During dietary P deficiency in late pregnancy and lactation most ruminants, including beef-genotype cows, can mobilise a substantial proportion (e.g. often >30% and in at least some circumstances up to 45%) of their bone minerals (Benzie et al. 1959; Little 1983; Dixon et al. 2017, 2020a). Cows that mobilise a high proportion of bone minerals during late pregnancy and lactation need to replenish these reserves in preparation for the next reproductive cycle. When beef cows grazing P-deficient pastures are not able to replenish their body P, there are often severe adverse effects on liveweight, lactation, reconception, welfare, and mortality (Read et al. 1986a, 1986b, 1986c; Spangenberg 1997; Dixon et al. 2017; Schatz et al. 2023).
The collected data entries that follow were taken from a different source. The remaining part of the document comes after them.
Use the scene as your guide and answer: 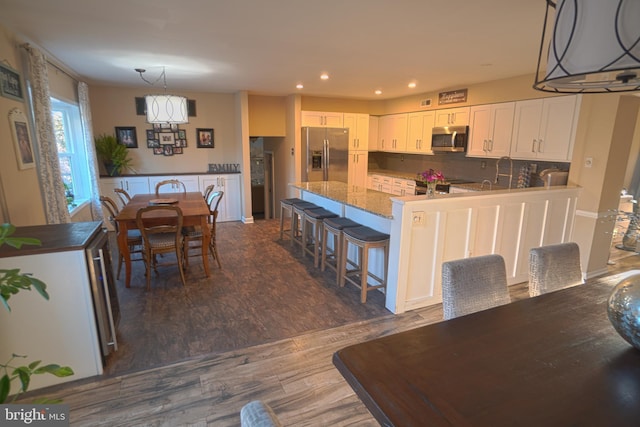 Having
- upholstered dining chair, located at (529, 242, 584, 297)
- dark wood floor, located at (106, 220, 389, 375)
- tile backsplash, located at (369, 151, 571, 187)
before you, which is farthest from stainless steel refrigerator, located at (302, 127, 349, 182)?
upholstered dining chair, located at (529, 242, 584, 297)

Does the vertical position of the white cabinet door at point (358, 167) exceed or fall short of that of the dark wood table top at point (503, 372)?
it exceeds it

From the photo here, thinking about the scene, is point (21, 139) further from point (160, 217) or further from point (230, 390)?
point (230, 390)

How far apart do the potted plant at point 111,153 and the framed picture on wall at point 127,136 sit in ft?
0.36

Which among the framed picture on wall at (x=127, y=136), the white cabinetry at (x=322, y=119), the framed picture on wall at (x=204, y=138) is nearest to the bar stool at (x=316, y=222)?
the white cabinetry at (x=322, y=119)

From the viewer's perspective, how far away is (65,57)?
11.8ft

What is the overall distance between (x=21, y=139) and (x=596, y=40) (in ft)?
12.7

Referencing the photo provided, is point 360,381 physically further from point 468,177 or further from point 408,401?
point 468,177

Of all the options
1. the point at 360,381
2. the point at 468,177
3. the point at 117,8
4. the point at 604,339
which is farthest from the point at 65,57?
the point at 468,177

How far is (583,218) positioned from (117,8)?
4.88 meters

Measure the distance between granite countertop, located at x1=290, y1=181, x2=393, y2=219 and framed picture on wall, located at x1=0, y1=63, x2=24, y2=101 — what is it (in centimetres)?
304

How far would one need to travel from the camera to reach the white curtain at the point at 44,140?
3.07 metres

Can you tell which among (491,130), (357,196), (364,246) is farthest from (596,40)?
(491,130)

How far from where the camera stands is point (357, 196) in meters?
3.87

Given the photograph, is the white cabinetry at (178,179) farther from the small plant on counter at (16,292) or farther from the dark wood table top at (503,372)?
the dark wood table top at (503,372) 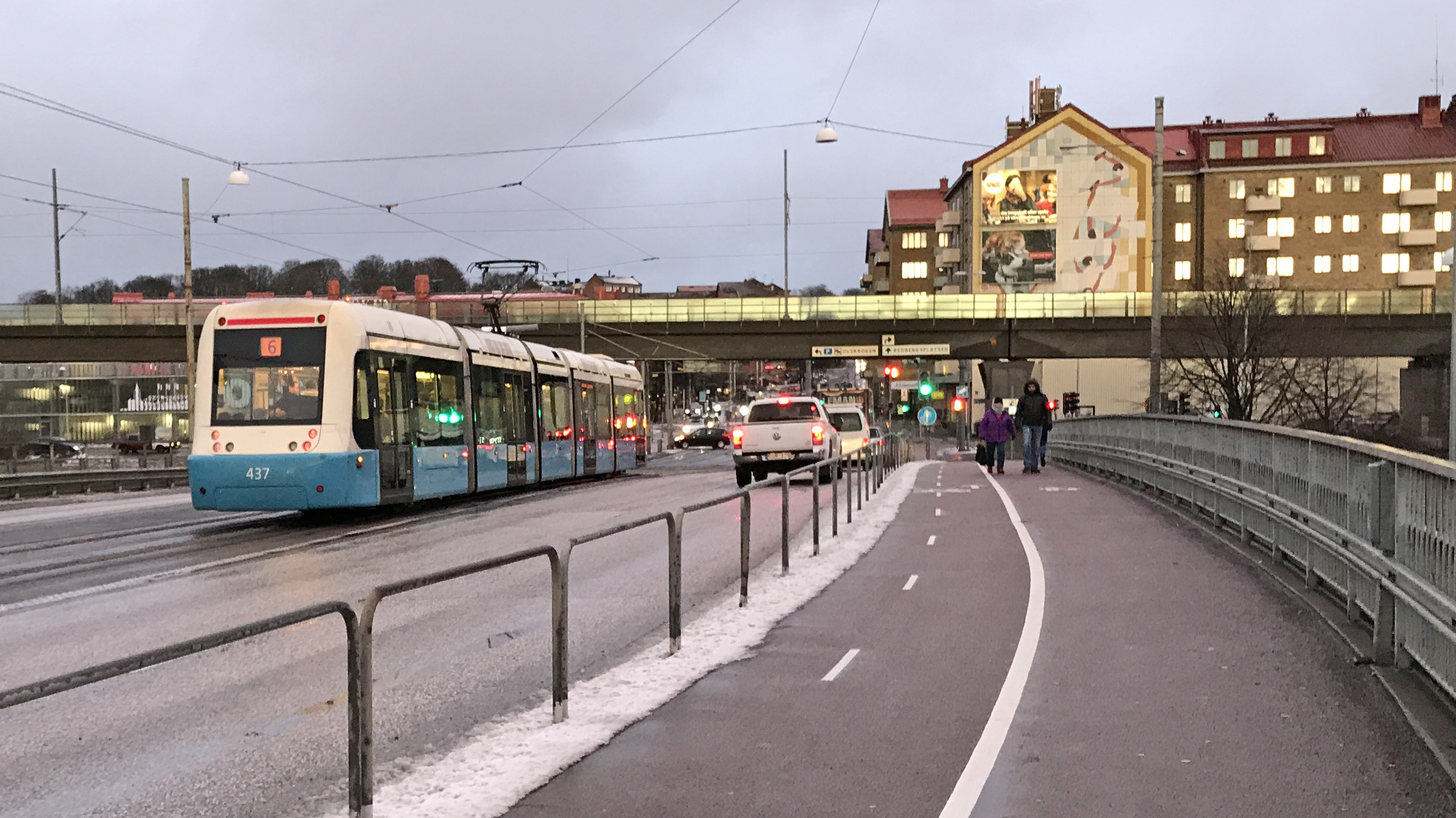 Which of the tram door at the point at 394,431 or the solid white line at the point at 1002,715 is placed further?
the tram door at the point at 394,431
Similar adverse outcomes also occur in severely P-deficient dairy cows (Valk and Sebek 1999; Knowlton and Herbein 2002). In seasonally dry rangeland environments where cows typically lactate during the rainy season, it will often be desirable to replenish cow body P reserves by feeding P supplements during the late rainy season and the early dry season when cows are in late lactation or after weaning. However, the effectiveness of P supplementation to replenish cow body P during these seasons is not known.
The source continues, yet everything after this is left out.